= List of Vermont state symbols =

This is a list of symbols of the state of Vermont in the United States. The majority of symbols are officially codified in the Vermont Statutes Annotated in Title 1, Chapter 11, while others are unofficial.

Location of the State of Vermont in the United States of America

Legally recognized symbols include the mineral, flower, bird, beverage, pie, mammal, song, insect, tree, and fish, while unofficial symbols of Vermont include: maple syrup; the eastern white pine (Pinus strobus), which was worn as a badge by the Green Mountain Boys and appears on the Vermont coat of arms and Vermont Military Crest; and the white-tailed deer (Odocoileus virginianus), which also appears on the state's coat of arms. The number 14 figures prominently in the state's history and lore. The Vermont Republic lasted for fourteen years, the pine tree on the Great Seal of Vermont has fourteen branches, the state has fourteen counties, and Vermont was the fourteenth state in the Union.

Vermont's state song is "These Green Mountains", composed by Diane Martin and arranged by Rita Buglass Gluck. This song was officially designated as the state song on 22 May 2000. This song replaced "Hail to Vermont!", which was written by Josephine Hovey-Perry and made the state song in 1938. However, "Moonlight in Vermont" remains an unofficial favorite.

The state bird is the hermit thrush (Catharus guttatus). This was adopted in 1941. The bird was only designated after debate in the legislature; though the hermit thrush is found in all of 14 counties and has a distinctive sweet call, it leaves the state during the winter for its yearly southward migration. Many legislators favored the blue jay (Cyanocitta cristata).

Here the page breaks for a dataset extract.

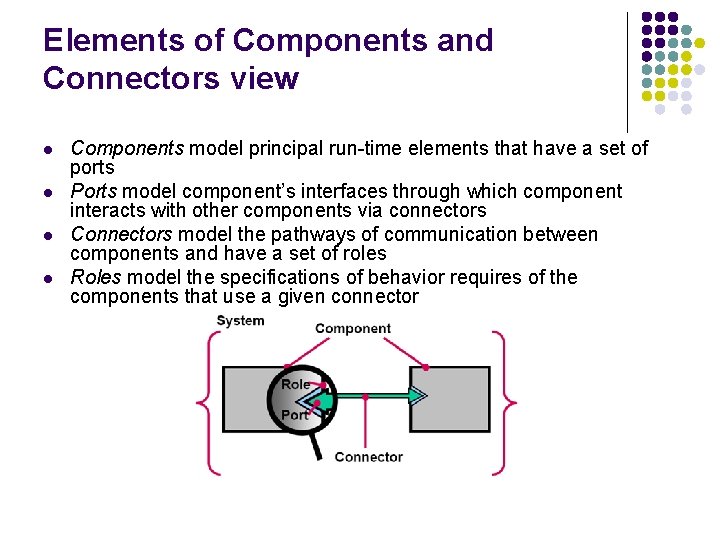 Elements of Components and Connectors view l l Components model principal run-time elements that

The red clover (Trifolium pratense) was designated as the state flower by the Vermont General Assembly in 1895. The red clover is often seen in the countryside of Vermont hosting the state insect – the western honey bee (Apis mellifera), designated by Act 124 of the 1978 biennial session of the Vermont General Assembly. A natural companion and frequent visitor to the state flower, the honey bee was chosen for its agricultural benefits, and for being a "social" insect and representing the unity side of Vermont's state motto Freedom and Unity.

Vermont named two official state fish by Joint Resolution of the Vermont General Assembly in 1978 and statute in 2011: the cold-water fish, the brook trout (Salvelinus fontinalis) and the warm-water fish, the walleye (Sander vitreous vitreous).

The state tree is the sugar maple (Acer saccharum), effective in 1949. The sugar maple is the source of maple syrup, Vermont's most famous export. The state mushroom is the bear's head tooth fungus (Hericium americanum), effective in 2024.

The Morgan horse became the state mammal in 1961. The Morgan horse is a horse breed originally from Vermont, and named for Justin Morgan. The state maintains standards and develops bloodlines for the breed at the University of Vermont's Morgan Horse Farm at Weybridge.

Vermont has also designated an official state mineral (talc), pie (apple pie), soil ("Tunbridge Soil Series"), beverage (milk), gem (grossular garnet), and fossil (the beluga skeleton at the University of Vermont's Perkins Geology Museum).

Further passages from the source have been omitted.